## Web page caption snippets

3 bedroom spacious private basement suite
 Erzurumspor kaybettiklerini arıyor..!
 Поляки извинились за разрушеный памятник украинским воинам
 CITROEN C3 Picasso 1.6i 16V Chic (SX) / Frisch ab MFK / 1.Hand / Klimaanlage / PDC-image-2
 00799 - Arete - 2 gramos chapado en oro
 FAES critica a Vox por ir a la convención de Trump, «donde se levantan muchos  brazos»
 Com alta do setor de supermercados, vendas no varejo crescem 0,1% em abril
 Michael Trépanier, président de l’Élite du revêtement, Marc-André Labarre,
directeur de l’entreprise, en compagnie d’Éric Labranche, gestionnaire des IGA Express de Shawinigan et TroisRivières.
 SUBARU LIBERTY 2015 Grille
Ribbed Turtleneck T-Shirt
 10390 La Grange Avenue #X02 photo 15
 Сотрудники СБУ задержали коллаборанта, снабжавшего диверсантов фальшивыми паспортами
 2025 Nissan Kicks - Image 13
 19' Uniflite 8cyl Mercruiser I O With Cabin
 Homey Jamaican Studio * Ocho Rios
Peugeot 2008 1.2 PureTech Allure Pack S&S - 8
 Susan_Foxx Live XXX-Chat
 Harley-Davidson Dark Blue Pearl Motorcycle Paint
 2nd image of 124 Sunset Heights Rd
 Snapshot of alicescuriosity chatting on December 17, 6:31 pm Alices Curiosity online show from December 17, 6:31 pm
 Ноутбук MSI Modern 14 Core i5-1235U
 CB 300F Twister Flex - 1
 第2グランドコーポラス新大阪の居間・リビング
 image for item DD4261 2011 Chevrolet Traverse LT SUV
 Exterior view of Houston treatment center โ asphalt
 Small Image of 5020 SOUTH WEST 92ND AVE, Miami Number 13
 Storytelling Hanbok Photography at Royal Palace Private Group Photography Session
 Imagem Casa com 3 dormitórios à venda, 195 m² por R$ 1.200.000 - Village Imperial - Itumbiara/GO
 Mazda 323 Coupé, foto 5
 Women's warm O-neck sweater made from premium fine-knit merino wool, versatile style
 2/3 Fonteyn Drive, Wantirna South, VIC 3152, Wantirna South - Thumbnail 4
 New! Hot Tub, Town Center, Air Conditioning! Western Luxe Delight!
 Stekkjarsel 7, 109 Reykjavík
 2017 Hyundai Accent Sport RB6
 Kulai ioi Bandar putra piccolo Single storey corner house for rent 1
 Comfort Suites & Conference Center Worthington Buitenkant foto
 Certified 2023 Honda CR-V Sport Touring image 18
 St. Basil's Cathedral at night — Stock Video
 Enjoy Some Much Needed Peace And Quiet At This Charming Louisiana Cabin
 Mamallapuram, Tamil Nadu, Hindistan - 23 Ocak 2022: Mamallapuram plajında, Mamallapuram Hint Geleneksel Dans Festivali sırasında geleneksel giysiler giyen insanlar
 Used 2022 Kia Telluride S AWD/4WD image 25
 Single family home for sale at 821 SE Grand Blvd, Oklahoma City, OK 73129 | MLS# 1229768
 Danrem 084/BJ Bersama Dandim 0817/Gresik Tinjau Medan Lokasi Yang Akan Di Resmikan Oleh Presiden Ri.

## About this task
Return every record, leaving each line exactly as it was given.

## Answer section
3 bedroom spacious private basement suite
 Erzurumspor kaybettiklerini arıyor..!
 Поляки извинились за разрушеный памятник украинским воинам
 CITROEN C3 Picasso 1.6i 16V Chic (SX) / Frisch ab MFK / 1.Hand / Klimaanlage / PDC-image-2
 00799 - Arete - 2 gramos chapado en oro
 FAES critica a Vox por ir a la convención de Trump, «donde se levantan muchos  brazos»
 Com alta do setor de supermercados, vendas no varejo crescem 0,1% em abril
 Michael Trépanier, président de l’Élite du revêtement, Marc-André Labarre,
directeur de l’entreprise, en compagnie d’Éric Labranche, gestionnaire des IGA Express de Shawinigan et TroisRivières.
 SUBARU LIBERTY 2015 Grille
Ribbed Turtleneck T-Shirt
 10390 La Grange Avenue #X02 photo 15
 Сотрудники СБУ задержали коллаборанта, снабжавшего диверсантов фальшивыми паспортами
 2025 Nissan Kicks - Image 13
 19' Uniflite 8cyl Mercruiser I O With Cabin
 Homey Jamaican Studio * Ocho Rios
Peugeot 2008 1.2 PureTech Allure Pack S&S - 8
 Susan_Foxx Live XXX-Chat
 Harley-Davidson Dark Blue Pearl Motorcycle Paint
 2nd image of 124 Sunset Heights Rd
 Snapshot of alicescuriosity chatting on December 17, 6:31 pm Alices Curiosity online show from December 17, 6:31 pm
 Ноутбук MSI Modern 14 Core i5-1235U
 CB 300F Twister Flex - 1
 第2グランドコーポラス新大阪の居間・リビング
 image for item DD4261 2011 Chevrolet Traverse LT SUV
 Exterior view of Houston treatment center โ asphalt
 Small Image of 5020 SOUTH WEST 92ND AVE, Miami Number 13
 Storytelling Hanbok Photography at Royal Palace Private Group Photography Session
 Imagem Casa com 3 dormitórios à venda, 195 m² por R$ 1.200.000 - Village Imperial - Itumbiara/GO
 Mazda 323 Coupé, foto 5
 Women's warm O-neck sweater made from premium fine-knit merino wool, versatile style
 2/3 Fonteyn Drive, Wantirna South, VIC 3152, Wantirna South - Thumbnail 4
 New! Hot Tub, Town Center, Air Conditioning! Western Luxe Delight!
 Stekkjarsel 7, 109 Reykjavík
 2017 Hyundai Accent Sport RB6
 Kulai ioi Bandar putra piccolo Single storey corner house for rent 1
 Comfort Suites & Conference Center Worthington Buitenkant foto
 Certified 2023 Honda CR-V Sport Touring image 18
 St. Basil's Cathedral at night — Stock Video
 Enjoy Some Much Needed Peace And Quiet At This Charming Louisiana Cabin
 Mamallapuram, Tamil Nadu, Hindistan - 23 Ocak 2022: Mamallapuram plajında, Mamallapuram Hint Geleneksel Dans Festivali sırasında geleneksel giysiler giyen insanlar
 Used 2022 Kia Telluride S AWD/4WD image 25
 Single family home for sale at 821 SE Grand Blvd, Oklahoma City, OK 73129 | MLS# 1229768
 Danrem 084/BJ Bersama Dandim 0817/Gresik Tinjau Medan Lokasi Yang Akan Di Resmikan Oleh Presiden Ri.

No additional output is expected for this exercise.